Penutup: Kasih yang Tetap Membungkuk Penuh Kasih
Ketika kita mencuci tangan, kita melakukannya supaya terlihat bersih di mata orang lain, layaknya yang dilakukan oleh Pilatus, dan para imam. Kita berusaha terlihat bersih dan kudus di hadapan manusia dengan menampilkan tampilan rohani, tetapi diam-diam menyimpan dosa agar tidak terlihat oleh orang lain. Namun yang dilakukan oleh Yesus berbeda. Dia justru mendekat, membungkuk, dan menyentuh bagian tersembunyi yang kita tidak mau orang lain menyentuhnya.

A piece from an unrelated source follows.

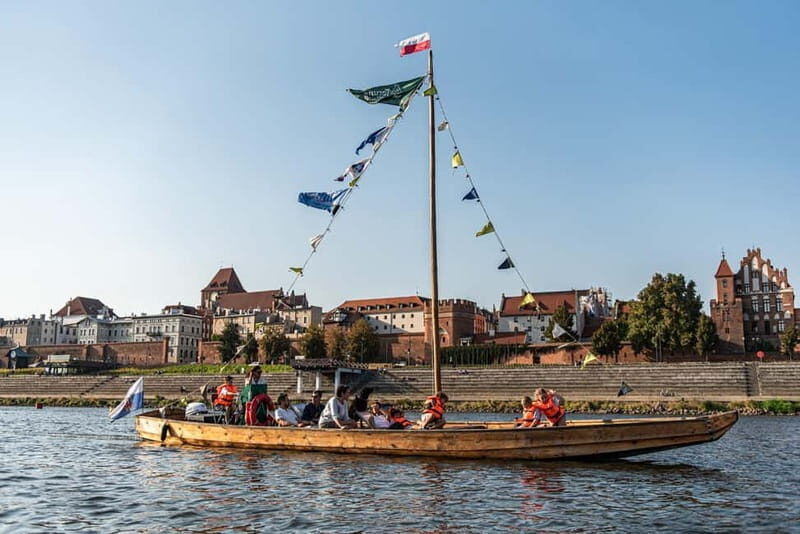 Toru: Sunset on the Vistula From a Traditional Boat. - An In-Depth Look at the Sunset on the Vistula Experience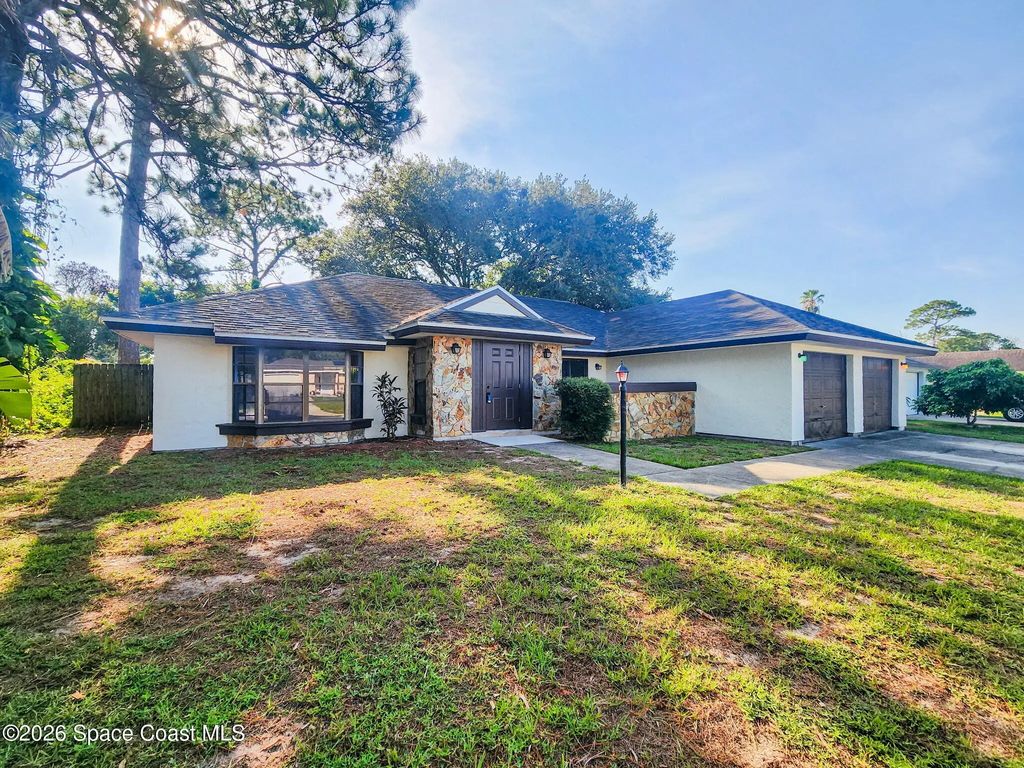 1345 Coral Reef Avenue Nw, Palm Bay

Semua ini membawa pada satu pemahaman bahwa kita tidak hanya diselamatkan oleh Yesus dari dosa masa lalu, tetapi juga dipelihara oleh-Nya setiap hari. Yesus bukan hanya Juruselamat yang mati di salib, tetapi Ia juga Tuhan yang rela membasuh kaki kita dalam perjalanan hidup kita yang penuh debu dosa ini.
Kasih-Nya yang paling nyata tidak hanya saat Ia menumpahkan darahNya, melainkan juga saat Ia tetap mau mendekat, membersihkan kita bahkan ketika kita sendiri tidak sadar betapa kotornya kehidupan kita ini.
Itulah yang membuat Yesus berbeda dari segala ritual manusia. Ia tidak menyucikan dari luar. Ia menyentuh yang paling dalam dari hidup kita dan Dia setia melakukannya setiap saat.